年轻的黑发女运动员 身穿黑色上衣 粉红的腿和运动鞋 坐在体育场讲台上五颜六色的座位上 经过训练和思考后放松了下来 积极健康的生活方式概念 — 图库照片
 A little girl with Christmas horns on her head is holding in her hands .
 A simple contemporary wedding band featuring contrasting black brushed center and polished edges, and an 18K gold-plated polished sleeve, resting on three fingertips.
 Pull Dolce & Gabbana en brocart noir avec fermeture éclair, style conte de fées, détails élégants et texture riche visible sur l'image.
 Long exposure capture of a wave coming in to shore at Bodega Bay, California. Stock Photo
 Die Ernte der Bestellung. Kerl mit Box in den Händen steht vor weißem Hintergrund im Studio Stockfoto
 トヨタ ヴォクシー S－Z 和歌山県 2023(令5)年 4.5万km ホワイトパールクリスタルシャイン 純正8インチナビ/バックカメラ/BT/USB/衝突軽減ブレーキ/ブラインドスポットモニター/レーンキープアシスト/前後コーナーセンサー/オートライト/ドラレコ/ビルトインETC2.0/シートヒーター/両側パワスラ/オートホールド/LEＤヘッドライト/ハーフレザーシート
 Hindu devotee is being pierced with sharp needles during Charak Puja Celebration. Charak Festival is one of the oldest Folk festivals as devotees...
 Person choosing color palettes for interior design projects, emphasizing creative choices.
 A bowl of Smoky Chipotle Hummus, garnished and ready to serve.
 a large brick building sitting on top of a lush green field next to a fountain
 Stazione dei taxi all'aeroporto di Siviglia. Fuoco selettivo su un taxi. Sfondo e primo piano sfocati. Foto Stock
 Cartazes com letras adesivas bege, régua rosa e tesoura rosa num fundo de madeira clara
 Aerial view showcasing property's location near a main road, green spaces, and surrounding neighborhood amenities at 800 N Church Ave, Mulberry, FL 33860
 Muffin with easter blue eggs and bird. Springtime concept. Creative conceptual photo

=== Exercise ===
Give the exact lines, and only those, from the line containing "Die Ernte der" through the line containing "Person choosing color" in the entries above.

=== Written answer ===
 Die Ernte der Bestellung. Kerl mit Box in den Händen steht vor weißem Hintergrund im Studio Stockfoto
 トヨタ ヴォクシー S－Z 和歌山県 2023(令5)年 4.5万km ホワイトパールクリスタルシャイン 純正8インチナビ/バックカメラ/BT/USB/衝突軽減ブレーキ/ブラインドスポットモニター/レーンキープアシスト/前後コーナーセンサー/オートライト/ドラレコ/ビルトインETC2.0/シートヒーター/両側パワスラ/オートホールド/LEＤヘッドライト/ハーフレザーシート
 Hindu devotee is being pierced with sharp needles during Charak Puja Celebration. Charak Festival is one of the oldest Folk festivals as devotees...
 Person choosing color palettes for interior design projects, emphasizing creative choices.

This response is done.